A recent case from the Alberta Court of Appeal suggests that Honda damages, previously known as Wallace damages, are becoming less of a threat for employers in wrongful dismissal suits.
Honda damages are rooted in the idea that bad faith dismissals should result in compensatory damages to employees. They were created by the Supreme Court of Canada in the well known case of Wallace v. United Grain Growers. In that case, the Supreme Court held that bad faith dismissals should be compensated and that this should be done so by an extension of the notice period normally given to wrongfully dismissed employees.
In Honda v. Keays, the Supreme Court modified Wallace, holding that while bad faith dismissals should still result in damages, the damages should be compensated based on the actual harm done rather than an extension to the notice period. They used the principle in Hadley v. Baxendale to suggest that such damages would have been in the contemplation in the minds of the parties at the time of the formation of the contract because bad faith at the time of dismissal would not be something that any individual would place into their contract.
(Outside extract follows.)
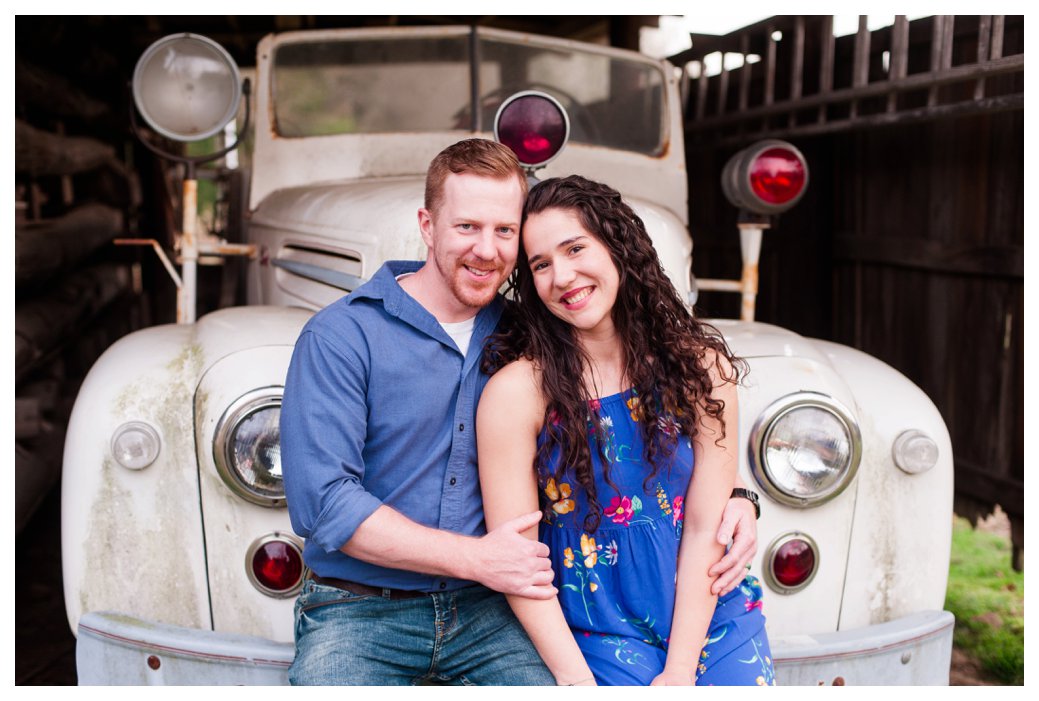 couple in front of old car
The Court in Honda also held that such damages were to be awarded in a manner similar to “moral damages,” a concept from Quebec civil law. However, in most ensuing decisions on this point, the courts have ignored this concept and instead focused on the idea that the Honda damages are to compensate for the harm actually done.
The most recent case in this line of cases is Elgert v. Home Hardware Stores (2011 ABCA 112). In that case, a jury in the lower court had awarded the Plaintiff $200,000.00 in Honda damages following a faulty and negligent investigation by the employer that led to its dismissing of Elgert. The facts of the matter showed that Mr. Elgert had not committed any misconduct and the shoddy investigation only compounded the difficulty.
On appeal, the majority of Alberta Court of Appeal reduced that $200,000.00 award to $0, holding that there was not a “scintilla of evidence” to support an award of aggravated damages.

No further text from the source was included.